Exercise requirements »
Where the listing below reaches the line containing "Spring Street Amphitheater: Grand", start writing out lines exactly, and stop once the line containing "Серый Додж Джорни, объемом" has been written.

Data provided »
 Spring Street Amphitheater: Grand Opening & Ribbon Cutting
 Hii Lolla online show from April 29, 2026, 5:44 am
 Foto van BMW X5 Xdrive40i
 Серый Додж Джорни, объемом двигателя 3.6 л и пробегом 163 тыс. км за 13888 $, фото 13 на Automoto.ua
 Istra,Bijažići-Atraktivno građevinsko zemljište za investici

* * *

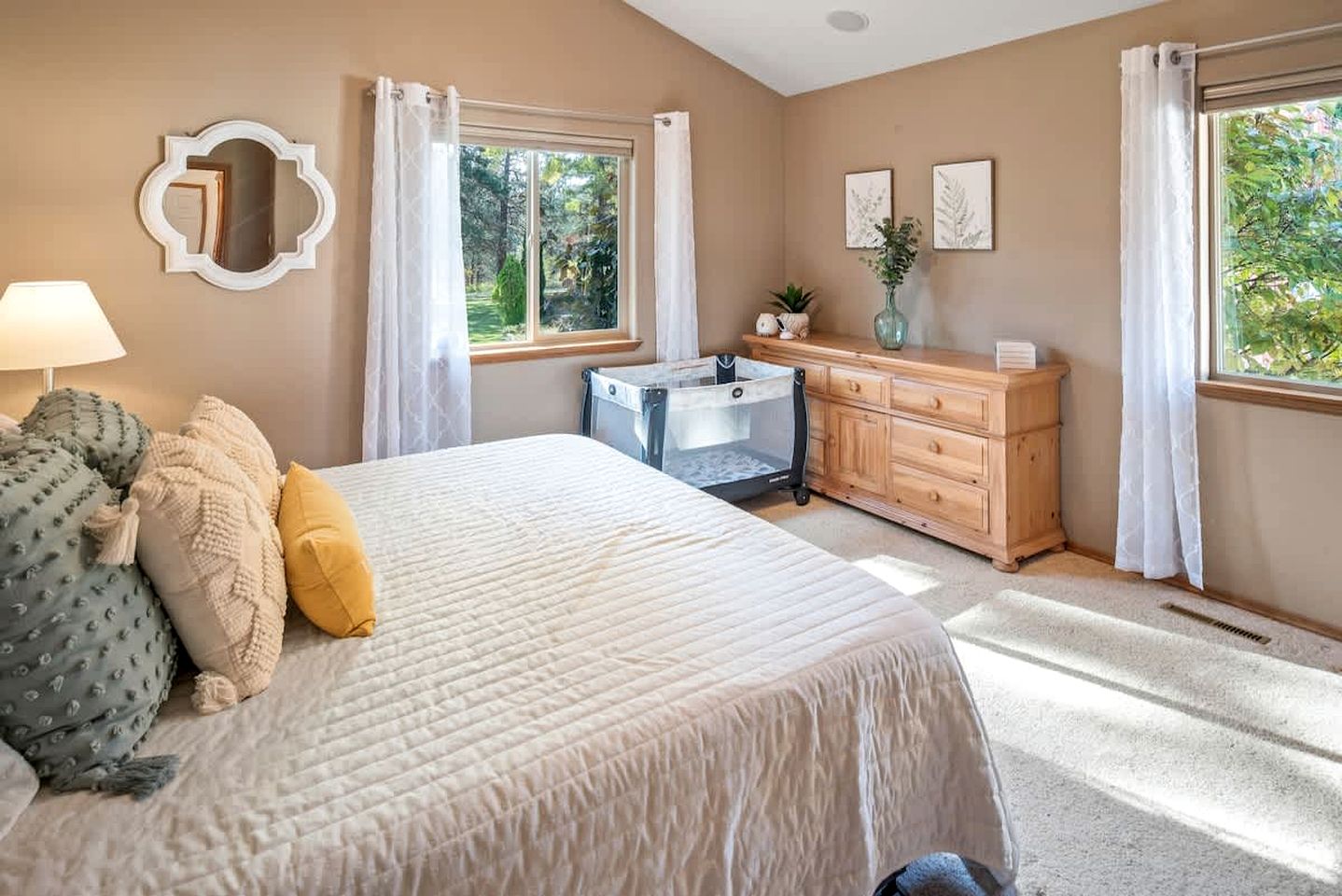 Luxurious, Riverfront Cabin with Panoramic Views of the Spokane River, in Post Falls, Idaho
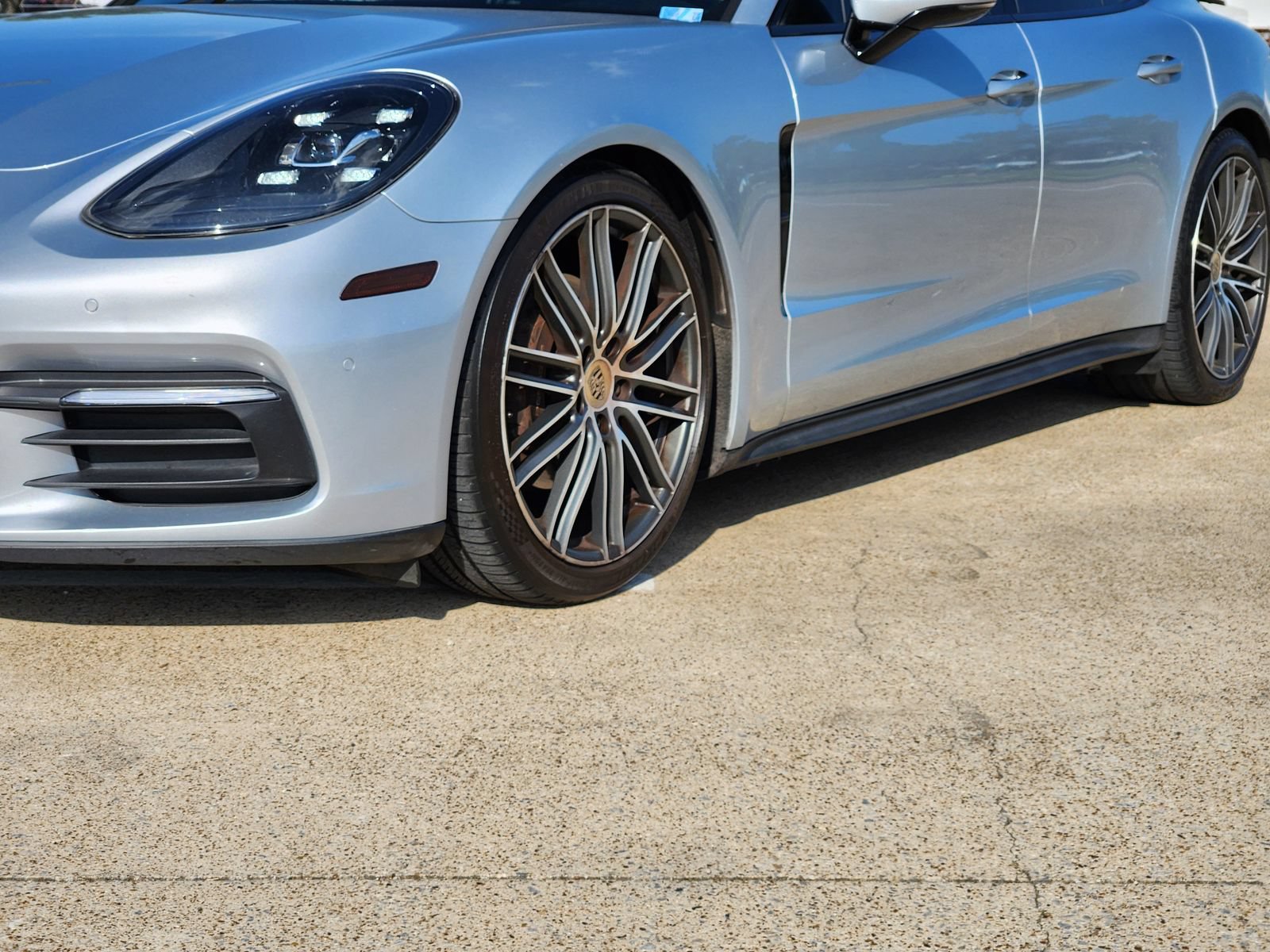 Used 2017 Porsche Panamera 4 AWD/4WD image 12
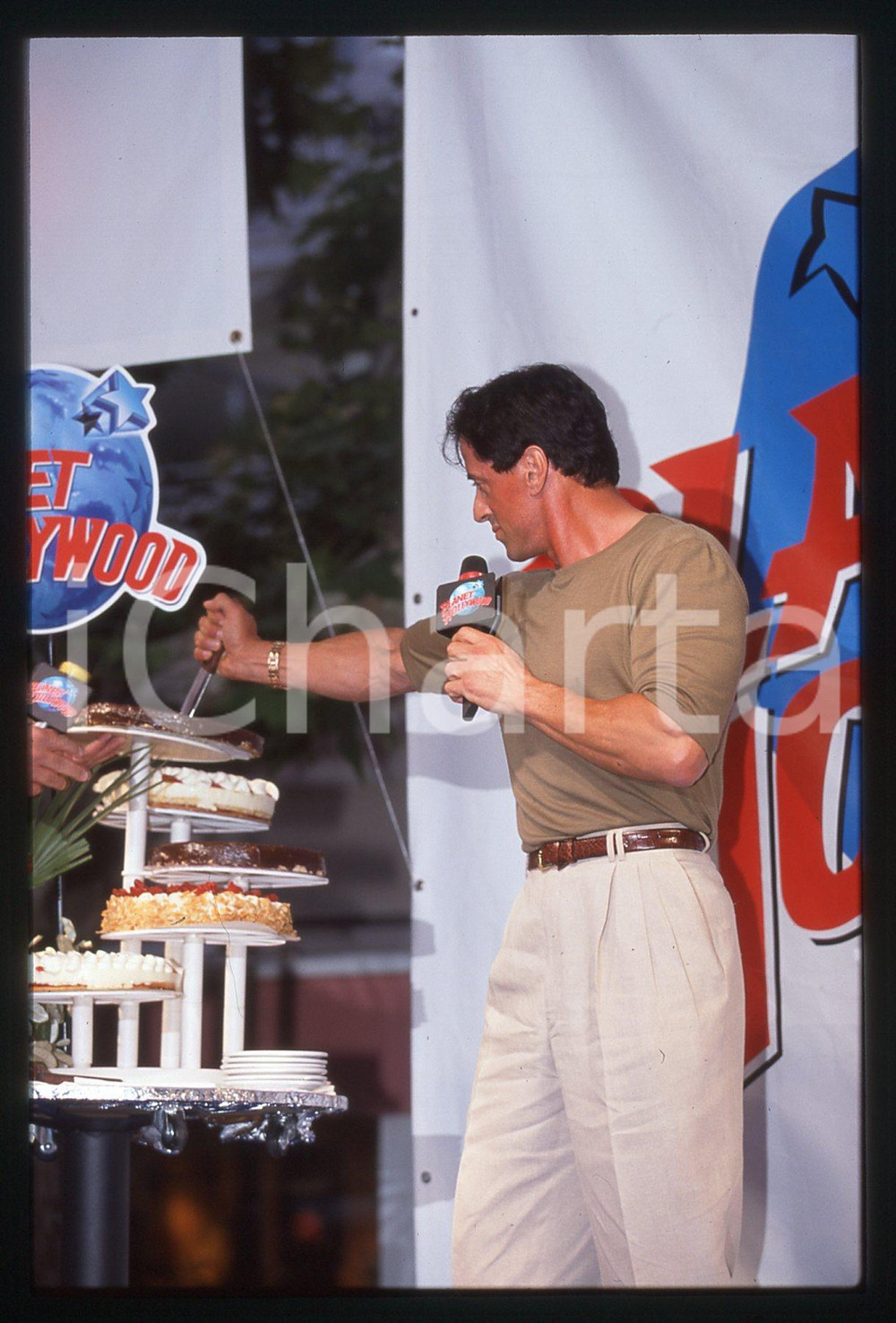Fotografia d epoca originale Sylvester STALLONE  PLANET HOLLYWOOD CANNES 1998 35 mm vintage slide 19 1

Exercise answer »
 Spring Street Amphitheater: Grand Opening & Ribbon Cutting
 Hii Lolla online show from April 29, 2026, 5:44 am
 Foto van BMW X5 Xdrive40i
 Серый Додж Джорни, объемом двигателя 3.6 л и пробегом 163 тыс. км за 13888 $, фото 13 на Automoto.ua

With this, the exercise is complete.